I want to know if the polarized capacitor has some advantage that they are used in some circuits?

For example, in a schematic of the BISS001 PIR controller IC, in some places, a polarized capacitor is used and in some places a non-polarized capacitor one.

Can I use a non-polarized capacitor with the same voltage and capacitance instead of these polarizing capacitors?

Reference Docs:

  1. BISS001 datasheet
  2. HC-SR501 PIR MOTION DETECTOR datasheet
  3. Grove – PIR Motion Sensor or EasyEDA link

What I've understand from your answers is why the electrolytic capacitors are used, and why these are polarized.

But the designers of this circuit could have used a non-polarized capacitor or even polarized tantalum capacitors. Is it true? As the (Grove – PIR Motion Sensor) module uses polarized tantalum capacitors.

I want to know if the polarized capacitors are being used for circuit protection or is there any other reason (regardless of the type of capacitor.)

Is there a problem if these capacitors are replaced with non-polarized capacitors in these circuits?

Best Answer

Can I use a non-polarized capacitor with the same voltage and capacitance instead of these polarizing capacitors?

Electrically speaking, non-polarized capacitor is always better than a polarized one. Yes, you can always replace with a non-polarized capacitor with exactly same rating.

But there is an assumption hidden here: Provided you can find one that's physically small enough to fit on your board and cheap enough to fit in your budget. And the fact that you can't is the only reason we use polarized caps.

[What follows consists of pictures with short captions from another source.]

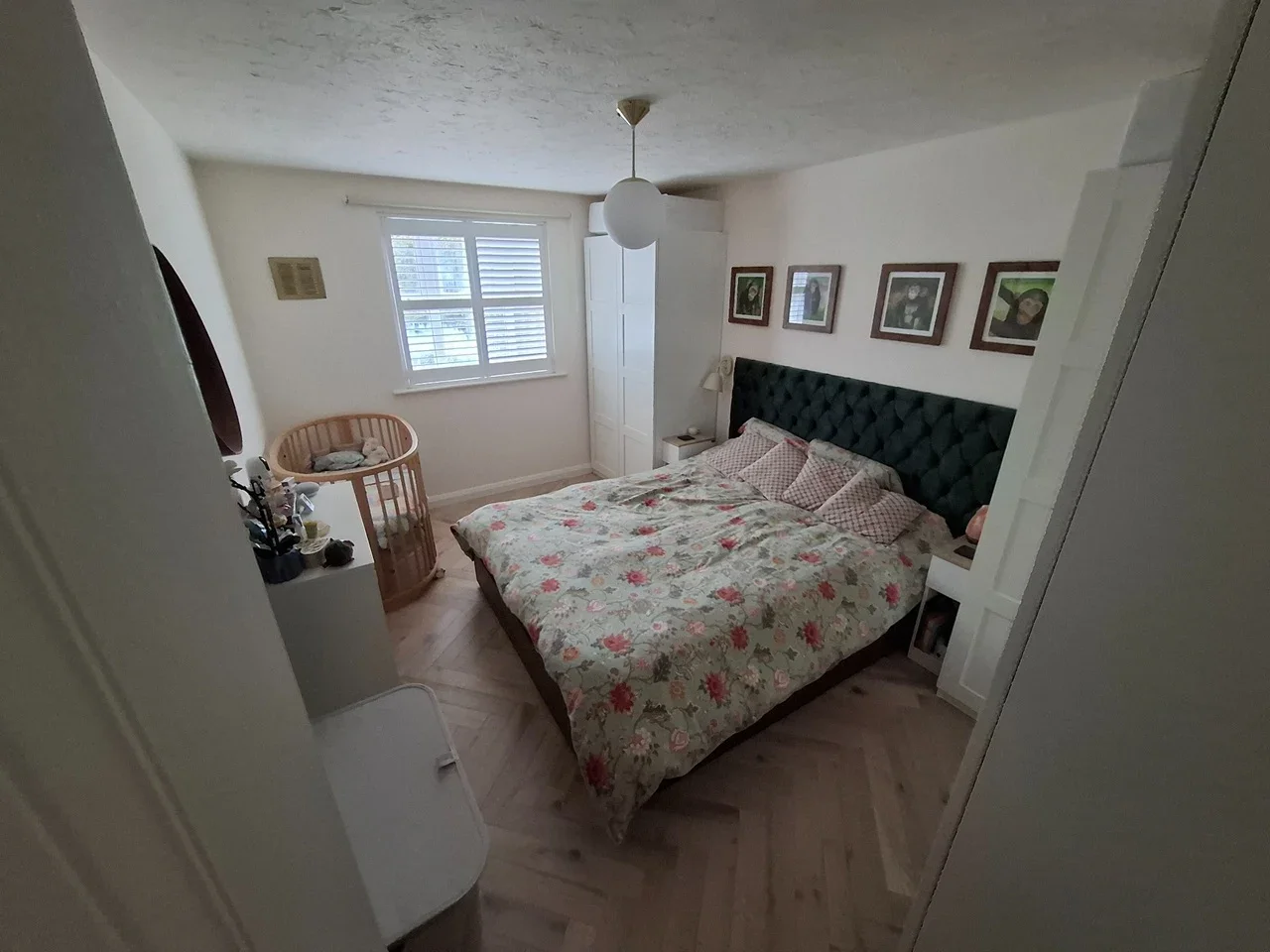 Flat Hyacinth Close in Greater London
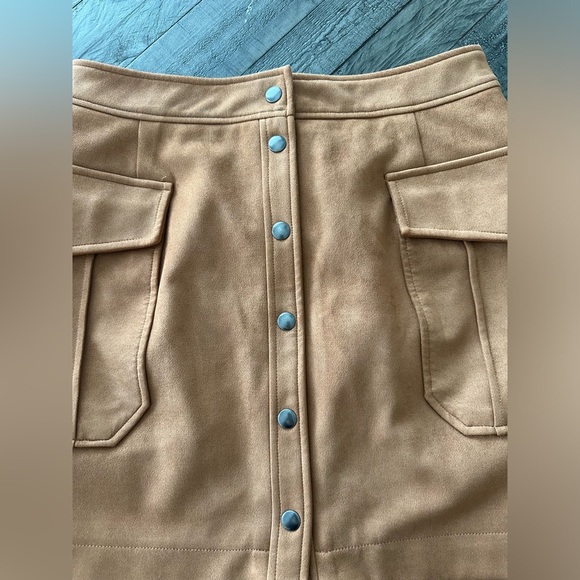 🛍️ $5 SALE - Joe Fresh Faux Suede Lined Skirt, size 8. - Picture 4 of 9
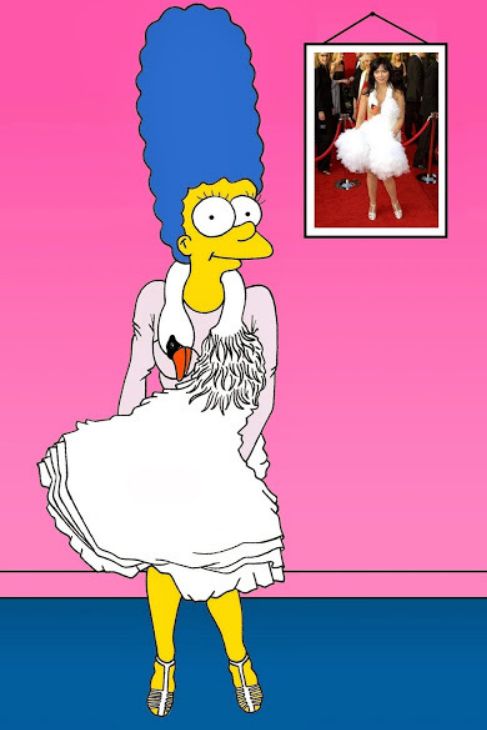 Marge Simpson tambin luce el vestido cisne con el que la cantante...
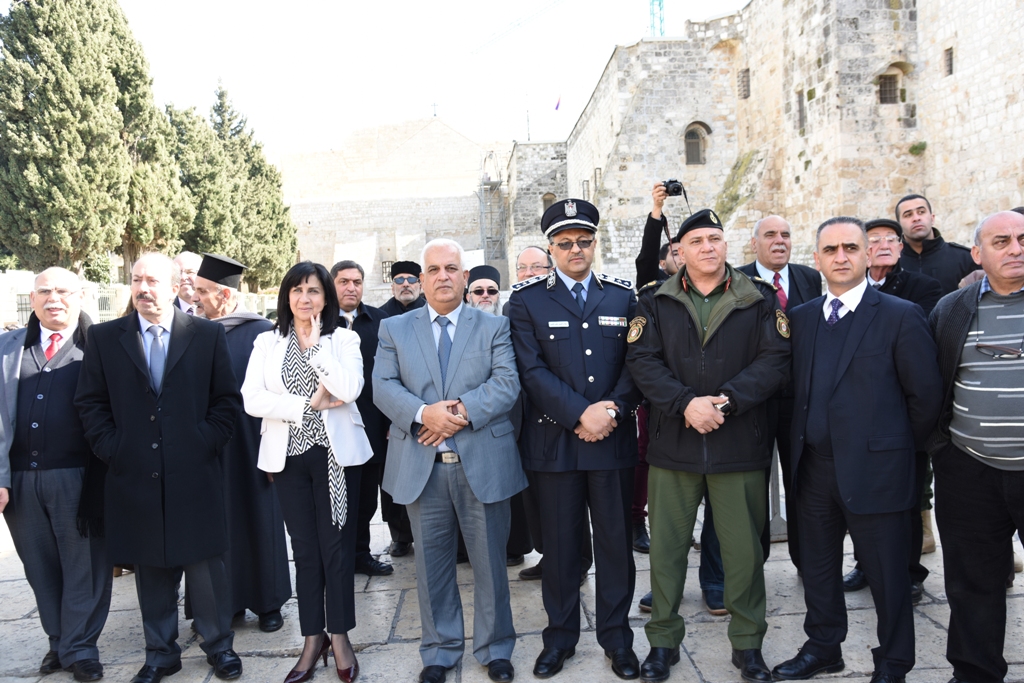 رئيسة وأعضاء مجلس بلدية بيت لحم يشاركون في إستقبال حارس الأراضي المقدسة بمناسبة عيد الغطاس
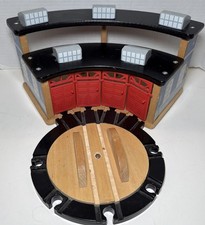 Thomas  Friends VTG Tidmouth Wooden Roundhouse Shed/Roundabout Toys'R'Us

I assume that, if we ever learn to make non-polarized caps that are as cheap and dense (capacity-per-volume) as electrolytic ones, the polarized capacitors will vanish.

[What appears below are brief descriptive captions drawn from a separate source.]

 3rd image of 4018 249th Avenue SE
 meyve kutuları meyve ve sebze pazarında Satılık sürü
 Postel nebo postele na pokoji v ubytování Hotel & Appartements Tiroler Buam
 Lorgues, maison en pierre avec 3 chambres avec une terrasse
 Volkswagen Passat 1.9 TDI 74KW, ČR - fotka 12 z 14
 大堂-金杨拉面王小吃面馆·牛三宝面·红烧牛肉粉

Side note - voltage and capacitance are not the only electrical parameters of a capacitor. They would suffice for an ideal capacitor, but real world brings other, ugly metrics. Like ESR, capacity coefficient with temperature or voltage, frequency response, etc. Circuits designed around quirks of particular tech can fail if the substitute differs there. Even being too good can cause trouble, eg. high-ESR caps naturally keep peak current in check so substituting with a theoretically superior low-ESR part can cause the whole thing to blow up. Adding ESR is trivial - but that's no longer a drop-in replacement, but rather a circuit redesign. So we don't replace electrolytics with something else not because polarization is important, it's just a nuisance. We keep them because of many other parameters, less obvious than C, V and polarization.